Core Aeration: What It Is and Why Do It

Core aeration
Vít Švajcr/Wikimedia Commons/CC 3.0

Lawns require a lot of care. The tasks that come to mind are mowing, fertilizing, and clearing them of leaves and debris. But you can't forget aeration. Aeration is an essential aspect of lawn care.

Core aeration is a type of lawn aeration whereby a machine (a lawn aerator) with hollow tines mechanically removes plugs or "cores" of soil and thatch from a lawn. Core aeration reduces soil compaction, creating a channel through which oxygen, water, and nutrients can penetrate the soil.

What Is Core Aeration?

Core aeration is a type of aeration that extracts plugs of soil from a lawn in order to increase air flow.

There are other ways to aerate a lawn. For example, some lawn aerators drive solid tines into the earth. But that method isn't considered as effective as core aeration, in which you're creating holes of a significant diameter—1/2 inch to 3/4 inch. Likewise, you could plunge a pitchfork into the grass every X number of square inches, but that's not feasible for most people.

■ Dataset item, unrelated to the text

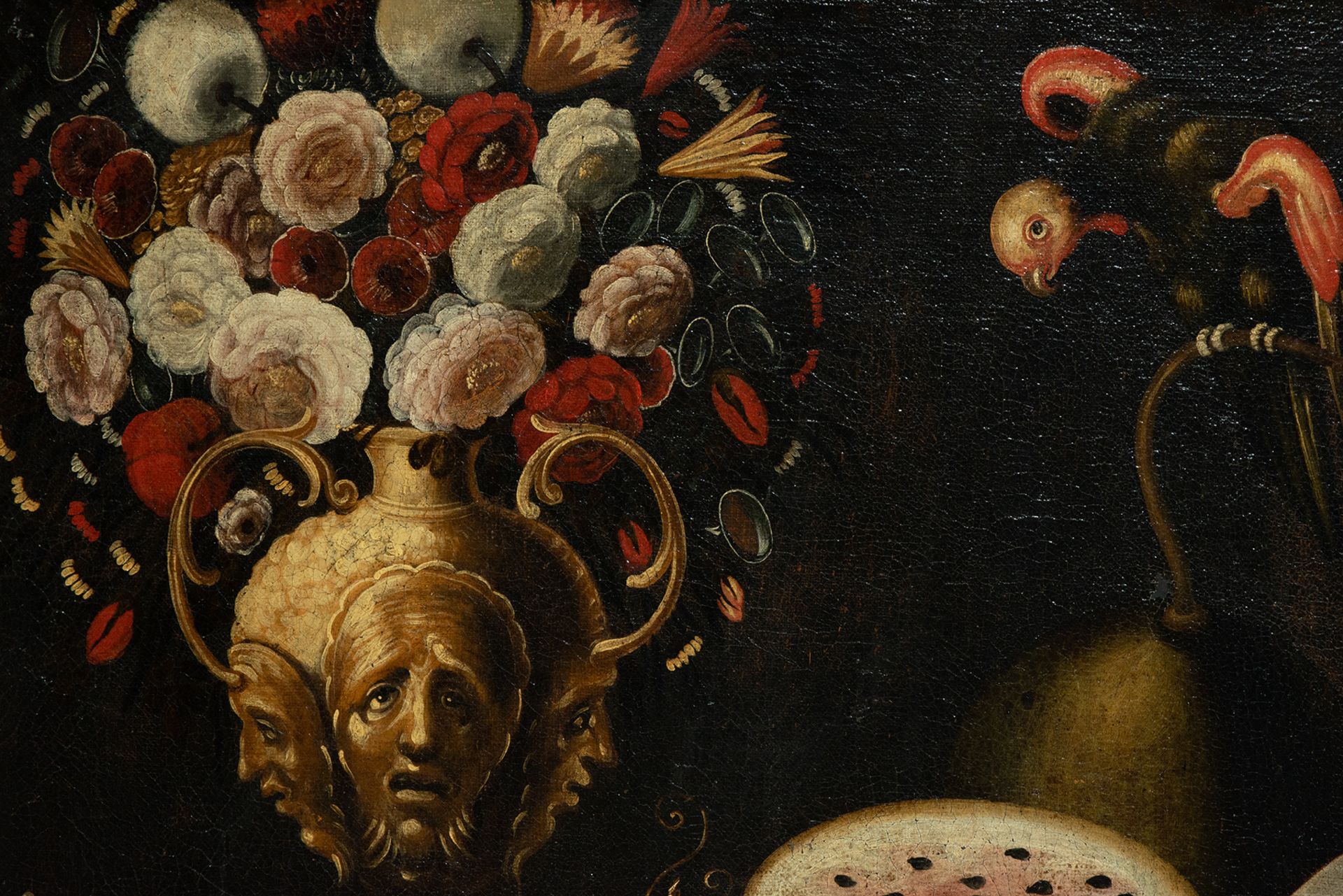 Magnificent Pair of Still Lifes with Summer Fruits and Birds, attributed to Blas de Ledesma, Spanish - Image 4 of 12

Here's what you should know about core aeration, and how it can benefit your lawn.

Why Core Aeration Is Important

Picture the soil under a healthy lawn. It's a soil studded with networks of air pockets. Oxygen travels through these pockets, and that's important: Just because grassroots are underground, that doesn't mean they don't have to breathe! But it's more than just oxygen that must percolate down through the ground, as your grassroots also need water and whatever nutrients homeowners are supplying when fertilizing lawns. There's a veritable beehive of activity going on down there under a healthy lawn.

Now consider the soil under the grass that is performing poorly. Instead of being fluffy enough for oxygen, water and nutrients to flow through it (down to the grassroots), it is compacted. It may also be crowned with a thick layer of thatch, rendering it even more impervious. This lawn is crying out for core aeration.

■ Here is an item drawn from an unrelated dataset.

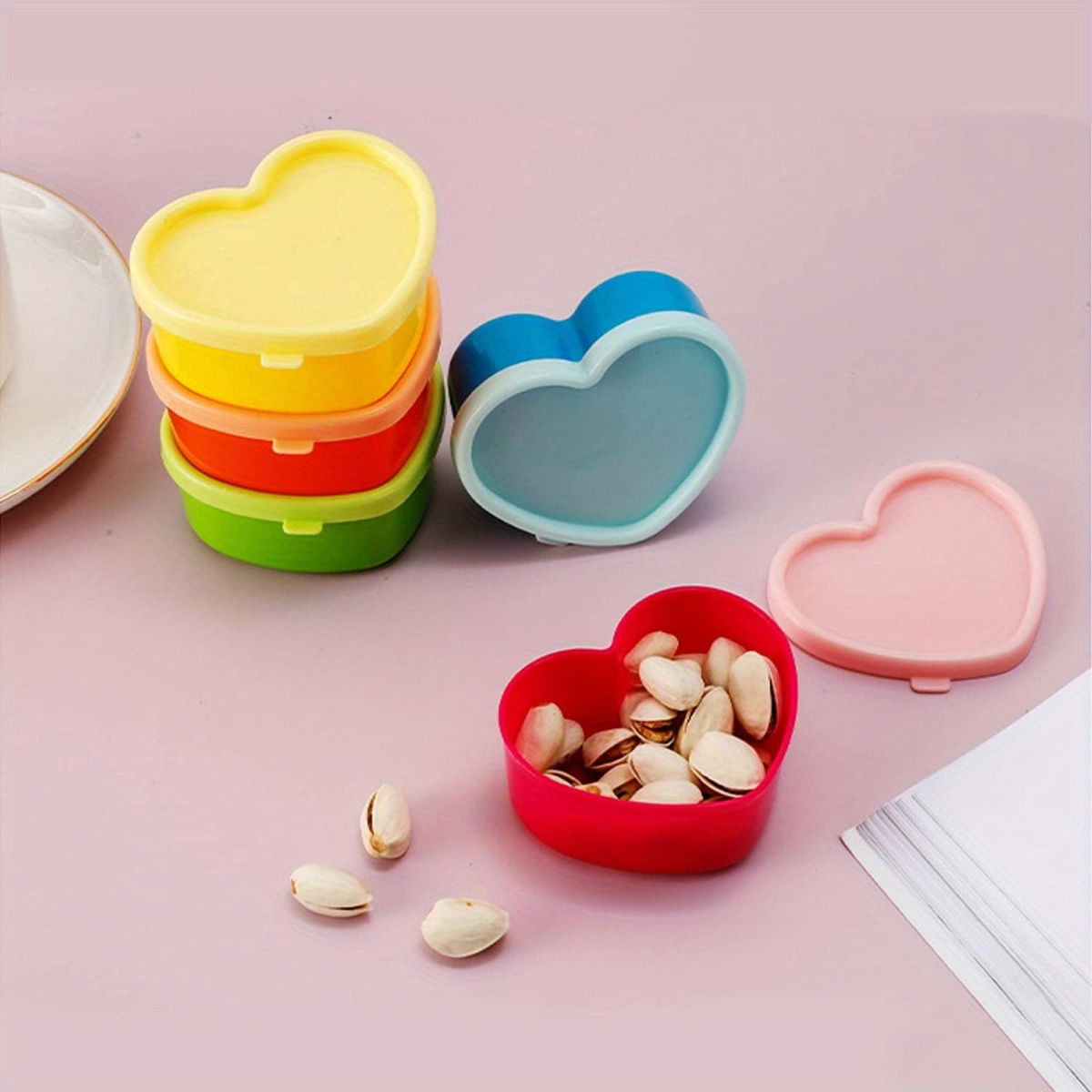 Food Storage For Room - กล่องใส่อาหารขนาดเล็ก 5 ชิ้น พร้อมฝาปิด กล่องเก็บเครื่องปรุงแบบนำกลับมาใช้ใหม่ได้ กล่องใส่น้ำสลัด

Core aeration creates those pockets of air that allow oxygen, water, and nutrients to move through the ground.

Core Aeration Helps With Moss Problems

Many people complain about having moss plants growing in their lawns, and they'll proceed to wage a campaign against the moss, thinking that all that is needed is to apply the correct herbicide. This is a misguided policy. Lawns that drain poorly due to compacted soil and/or thatch might just as well be displaying a sign that reads, "Moss Welcome Here." Compacted soil is a common problem for lawns subjected to excessive foot traffic (as when kids play on the lawn frequently).

Core aeration helps reduce the compaction of the lawn.

The Best Time for Core Aeration

For cool-season grasses, perform core aeration in early fall. For warm-season grasses, the time generally recommended for core aeration is mid-spring to early summer.

The one time you definitely shouldn't aerate your lawn—no matter whether you have cool- or warm-season grasses—is when the weather is particularly hot and dry.